┌──

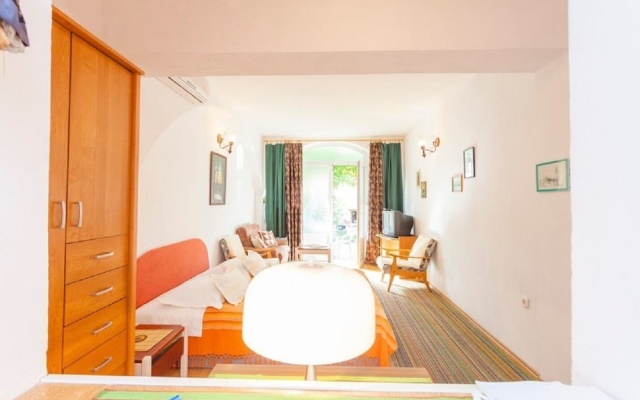 Apartment Tomislava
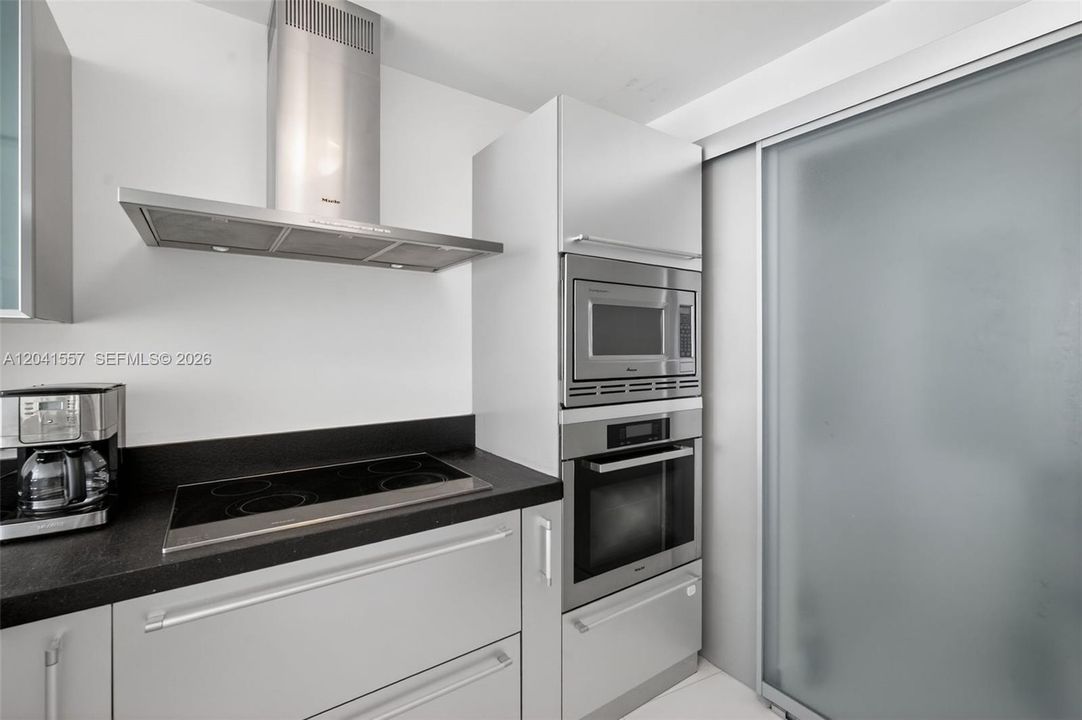 В аренду: $4,700 (1 спален, 1 ванн, 881 Квадратных фут)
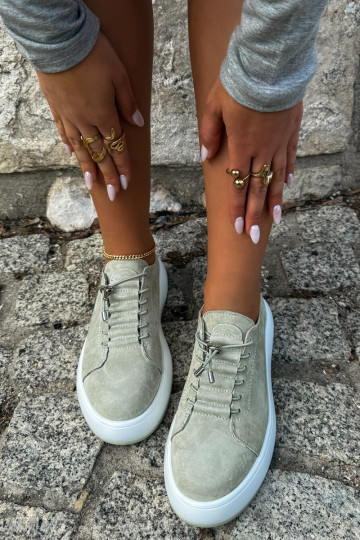Beige Plattform-Sneaker aus Kunstveloursleder Blushy 2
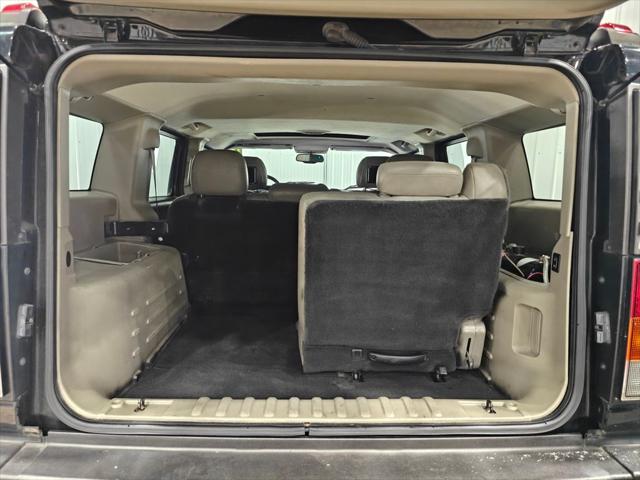 2004 HUMMER H2 Base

└──

REQUIRED WORK » Print the listing exactly. No pictures belong in the copy.

EXERCISE SOLUTION »
 Apartment Tomislava
 В аренду: $4,700 (1 спален, 1 ванн, 881 Квадратных фут)
Beige Plattform-Sneaker aus Kunstveloursleder Blushy 2
 2004 HUMMER H2 Base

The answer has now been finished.